On the Long Beach side of the twin ports, a new bridge opened in late 2021, succeeding the now-defunct Gerald Desmond span. That effort began in 2013 and cost $1.46 billion.

The Vincent Thomas Bridge work, which is needed to replace the 60-year-old roadbed on the mile-long suspension bridge that goes from San Pedro to Terminal Island (and, by extension, the city of Long Beach), is planned to be done in the time frame of 2025-27.

But it will create significant traffic issues during that time, especially in San Pedro and Wilmington.

The needed closures will hit longshore workers especially hard, as they rely on the bridge to get to and from work, with three shifts operating daily.

But the project will also be a challenge for truck drivers who transport cargo containers to and from the port complex.

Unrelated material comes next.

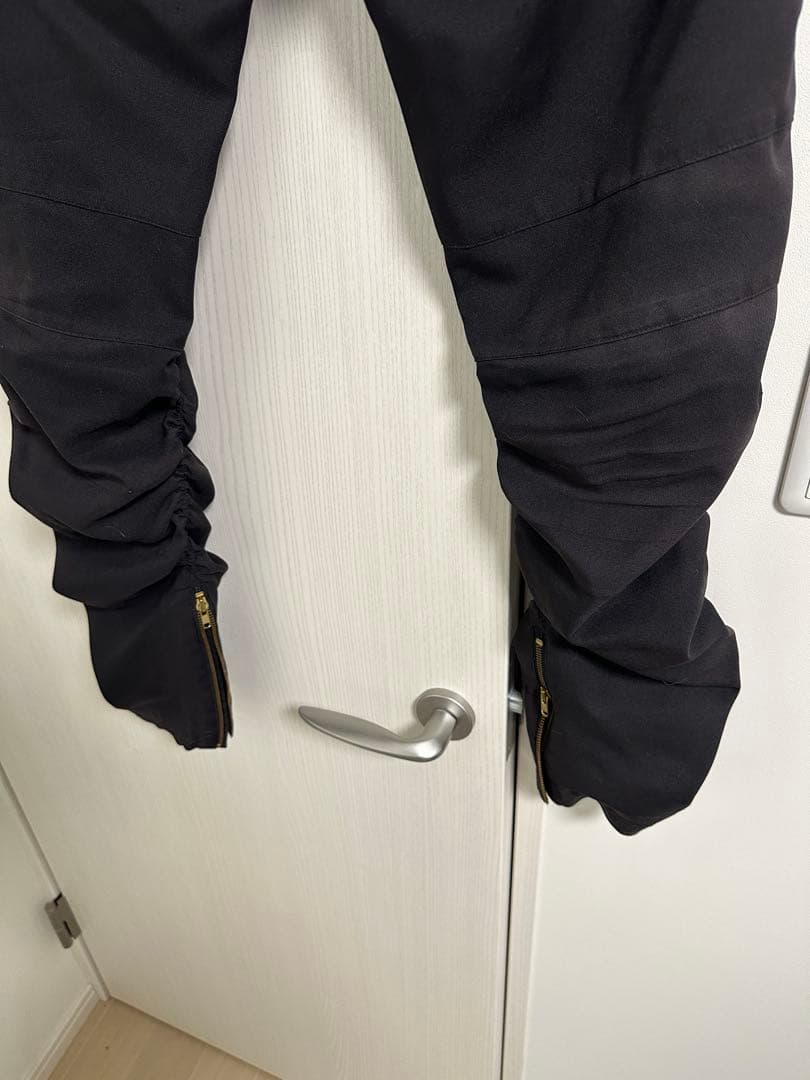 Russeluno 黒 ロゴ入り スリムフィットパンツ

“Obviously, this is of tremendous significance to our customers,” said Commissioner Diane Middleton, one of two holdovers from former Mayor Eric Garcetti’s administration.

Commission Vice President Ed Renwick is the other.

Port staff will put together a presentation on the project, which the commission requested Thursday. The presentation will include information about how the upcoming closures will be coordinated with ongoing traffic issues and, especially, a separate port project to revamp the exit ramps from the bridge to the 110 Freeway.

The bridge project, Seroka said, “is at the top of the list” in discussions with the Port of Long Beach, Caltrans, community members and longshore officials.

“This is a Caltrans project; Caltrans is responsible for the Vincent Thomas Bridge,” he said, adding that discussions will be ongoing on how to limit the impacts on commuters and trucks that do business at the port.

Commissioner Lee Williams, one of Bass’s appointees, said the bridge is also a factor in an ongoing “connectivity” study that will look at transportation routes linking to various points of interest in the Harbor Area, where new waterfront attractions are expected to open in the next couple of years.

One of the other new commissioners, Michael Muñoz, said impacts on the quality of life in Wilmington need to be assessed. It was an issue that was raised frequently at a recent hearing on the project.

Williams, Muñoz and former U.S. Rep. Lucille Roybal-Allard all attended their first board meeting on Thursday. Muñoz is the research director for the Los Angeles Alliance for a New Economy, and Williams is a Realtor who has been active in real estate, banking and community volunteer work in San Pedro, where he lives.

The Los Angeles City Council confirmed their appointments on May 2.

“I’m so excited to be working with you,” Renwick told the new co-panelists at the outset of Thursday’s meeting, “and I’m thrilled Diane (Middleton) is still with us; this is going to be a great period.”

Los Angeles County Supervisor Janice Hahn, who worked with Roybal-Allard when they were both in Congress, also offered comments, calling the former congressmember a good friend.

Their fathers, Ed Roybal and Kenneth Hahn, served together on the Los Angeles City Council in the late 1940s and early 1950s, Hahn said.

“You’re not considered one of the ‘local’ (resident) representatives, but I’m pretty sure that your life experience and your perspective is exactly right for us,” Hahn told Roybal-Allard. “You spent your career fighting for environmental justice.”